**EXERCISE DIRECTIONS**
Restate the data below word for word. Leave the images out.

**EXTRACTED INFORMATION**

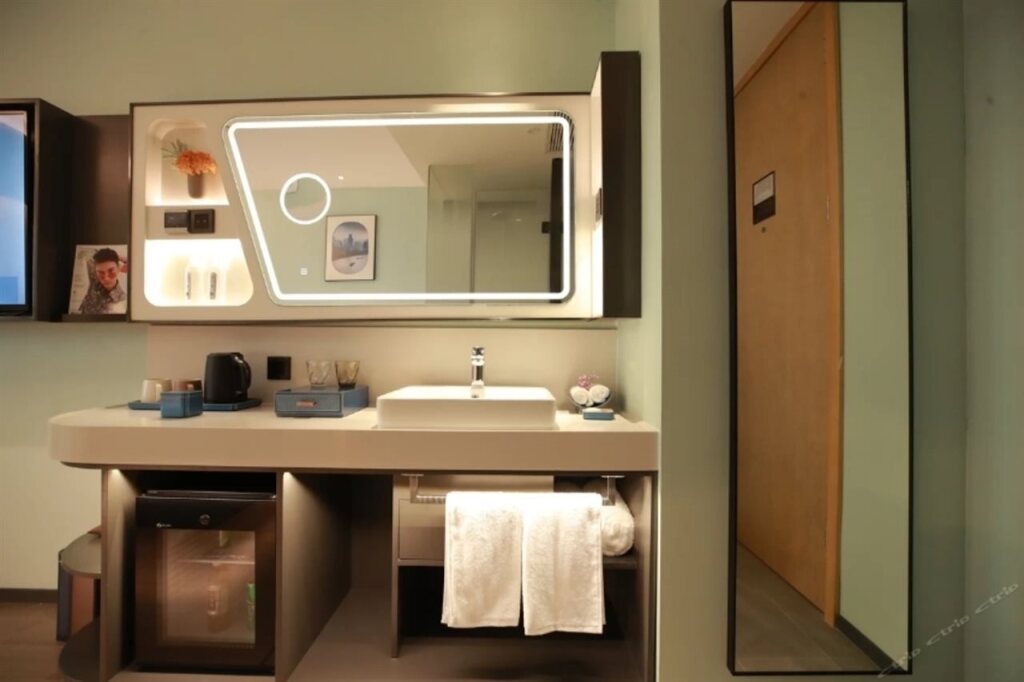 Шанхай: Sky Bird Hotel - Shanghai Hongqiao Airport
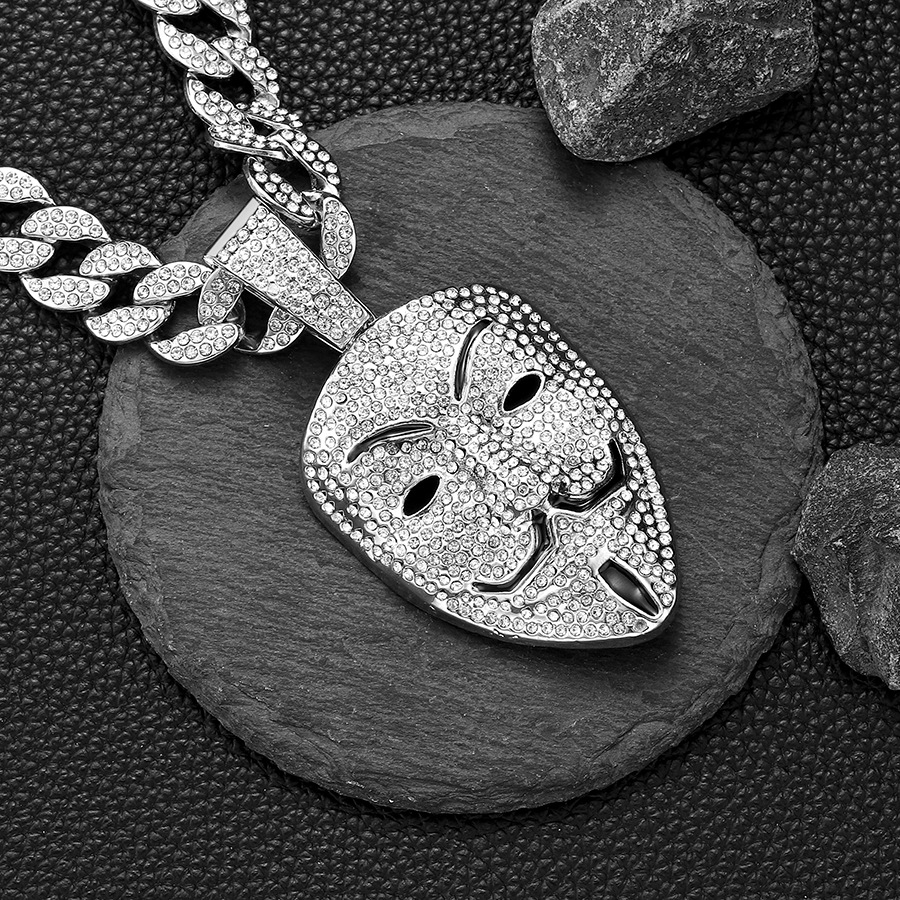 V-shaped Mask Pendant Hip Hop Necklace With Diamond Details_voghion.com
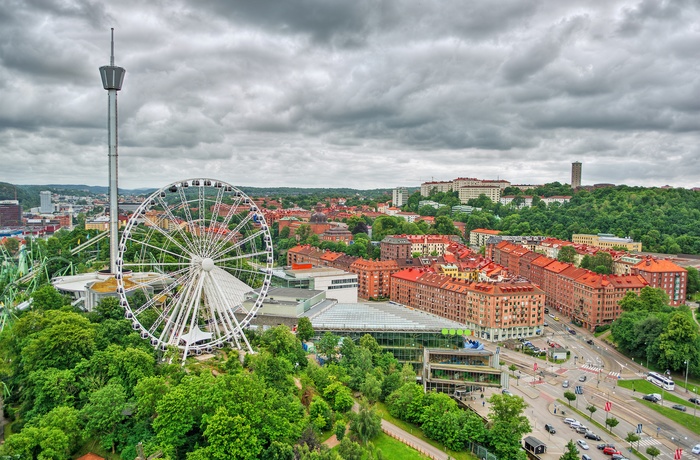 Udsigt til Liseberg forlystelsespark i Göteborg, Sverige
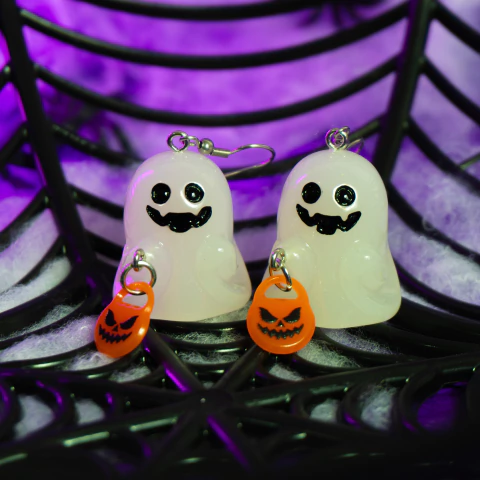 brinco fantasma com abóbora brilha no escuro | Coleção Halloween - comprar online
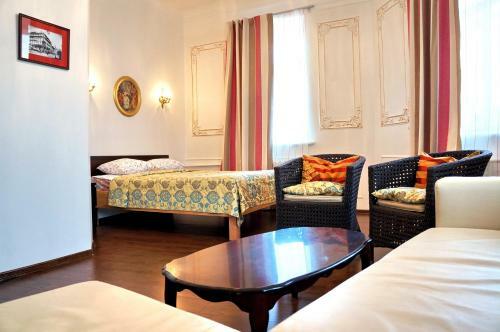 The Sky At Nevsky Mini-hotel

**SOLVED PROBLEM**
 Шанхай: Sky Bird Hotel - Shanghai Hongqiao Airport
 V-shaped Mask Pendant Hip Hop Necklace With Diamond Details_voghion.com
 Udsigt til Liseberg forlystelsespark i Göteborg, Sverige
 brinco fantasma com abóbora brilha no escuro | Coleção Halloween - comprar online
 The Sky At Nevsky Mini-hotel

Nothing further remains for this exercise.